The vast majority of American drivers could switch to battery electric vehicles (BEVs) tomorrow and carry on with their lives unaffected, according to a new study in Nature Energy. What’s more, those BEVs need not be a $100,000 Tesla, either. That’s the conclusion from a team at MIT and the Santa Fe Institute in New Mexico that looked at the potential for BEV adoption in the US in light of current driving patterns. Perhaps most interestingly, the study found that claim to be true for a wide range of cities with very distinct geography and even per-capita gasoline consumption.
The authors—led by MIT’s Zachary Needell—used the Nissan Leaf as their representative vehicle. The Leaf is one of the best-selling BEVs on the market, second only to the Tesla Model S in 2015 (10,990 sold vs 13,300 Teslas). But it’s not particularly long-legged; although the vehicle got an optional battery bump from 24kWh to 30kWh for 2016, its quoted range is 107 miles on a full charge. You don’t need to spend long browsing comment threads or car forums to discover that many drivers think this is too short a range for their particular use cases. Yet, Needell and colleagues disagree.

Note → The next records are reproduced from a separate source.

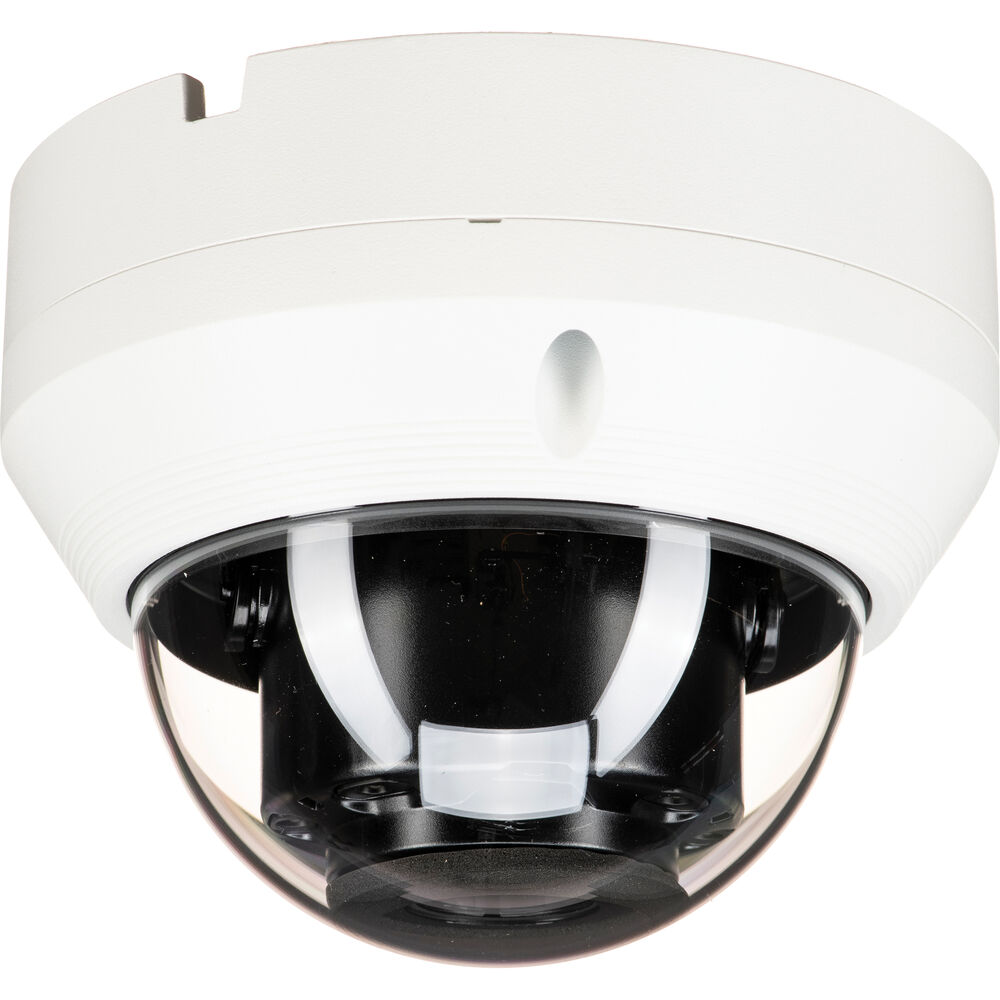 Hanwha Techwin QNV-6082R 2MP PoE IR Full HD IP Security Dome Camera
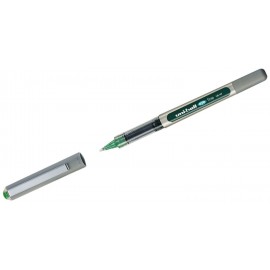 Uni-Ball UB-157 Bolígrafo cilíndrico Verde 1 pieza(s)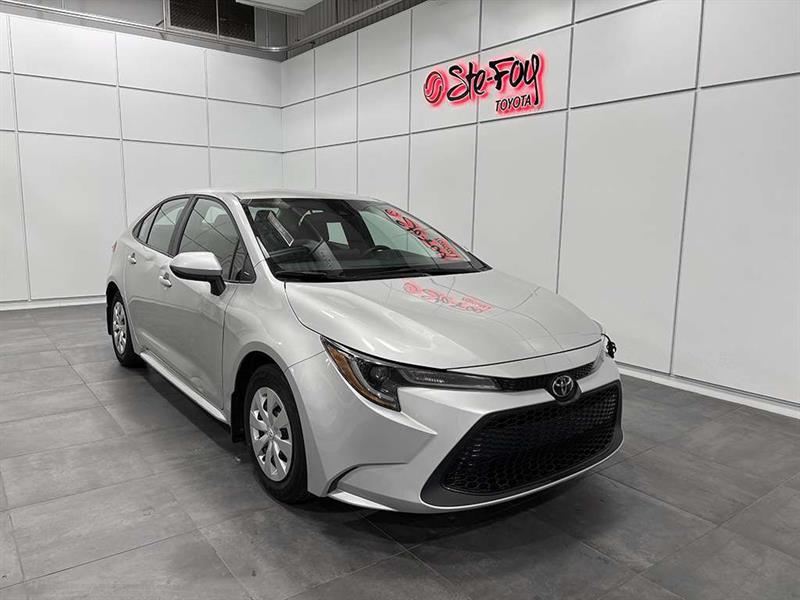 2021 Toyota Corolla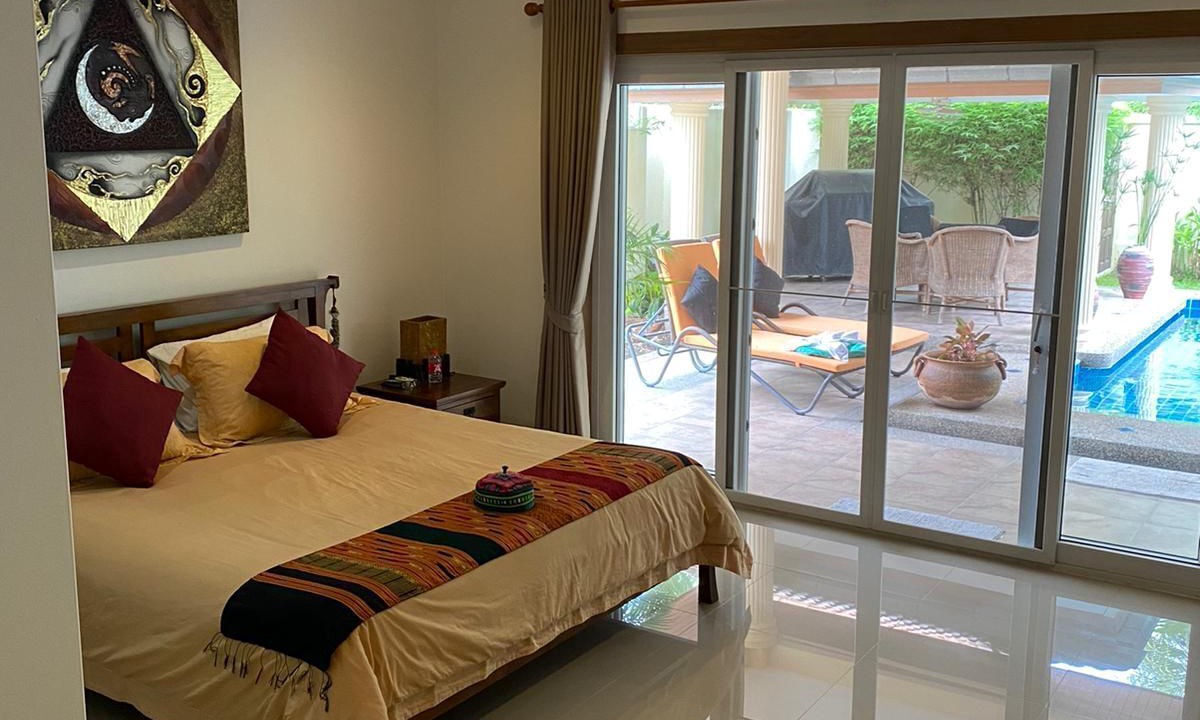 Photo of Bedroom in Hua Hin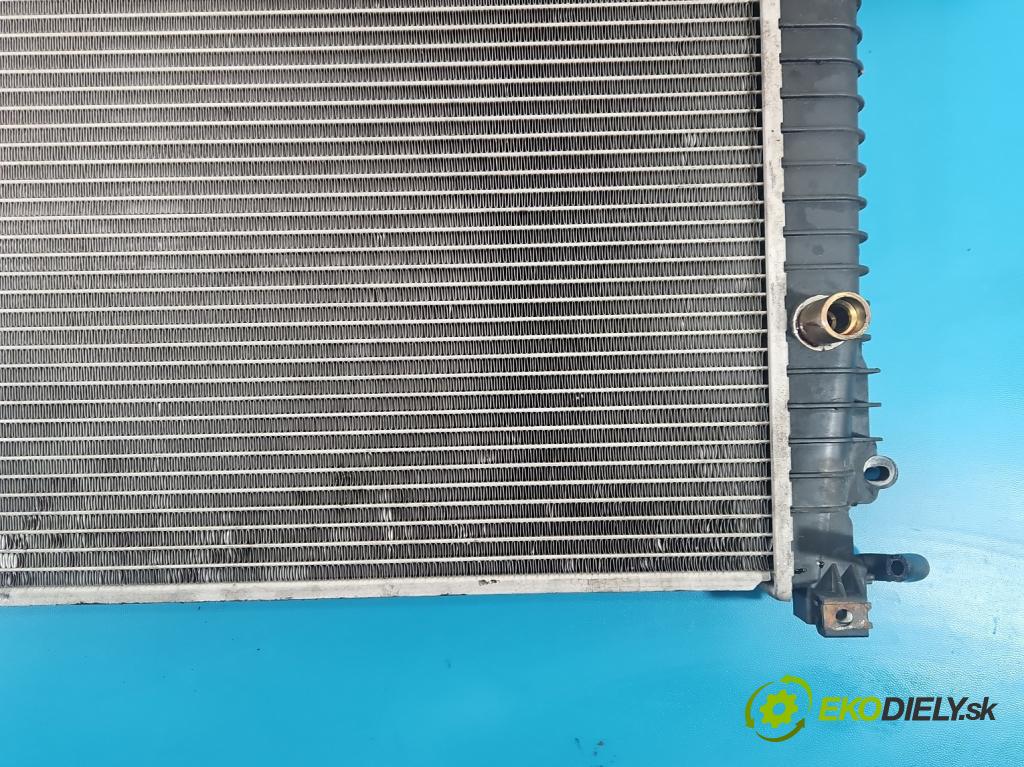 Volvo XC90 I 2002-2014 2.9 T6 272 hp automatic 200 kW 2922 cm3 5- Chladič vody  (Vodní chladič)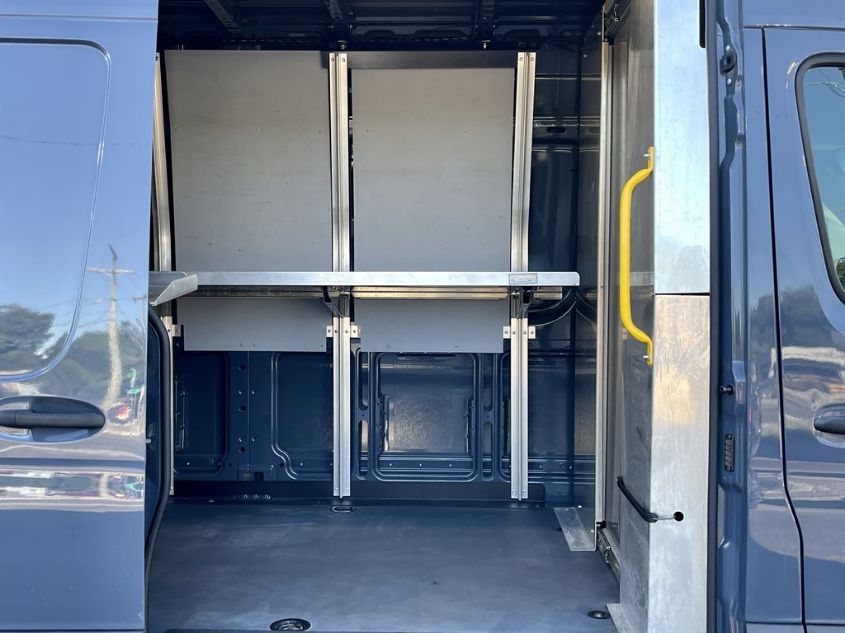 2019 MERCEDES-BENZ SPRINTER VAN WD4PF1CD2KP119489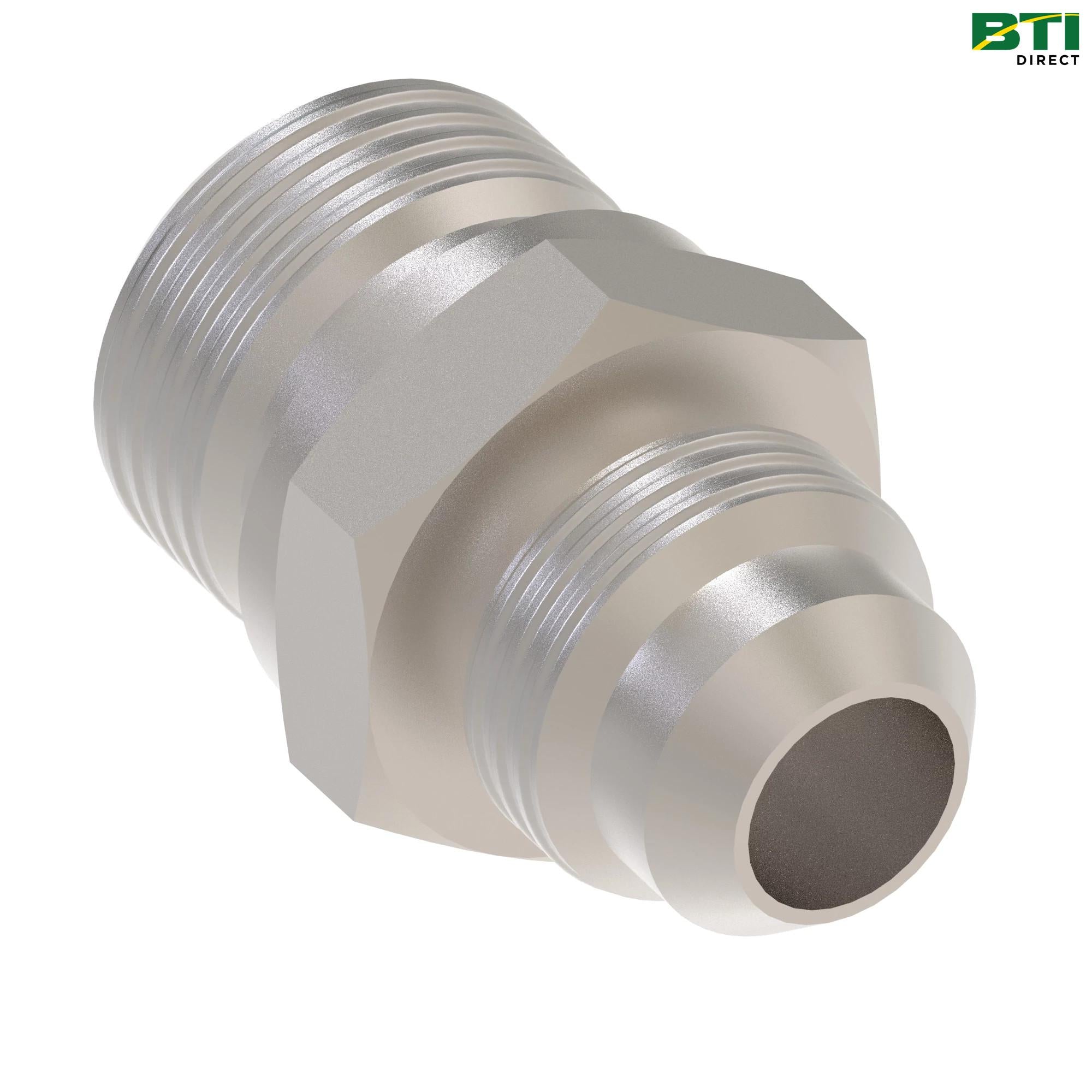 AKK43915: Straight Adapter Fitting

The authors use the 24kWh Nissan Leaf as the basis for their calculations, based on a probabilistic model of BEV range based on driving behavior (rather than just looking at average commute distances and BEV range). This involved using information from the National Household Travel Survey, hourly temperature data for 16 US cities, and GPS data from travel surveys in California, Atlanta, and Houston (to calculate second-by-second speed profiles of different trip types).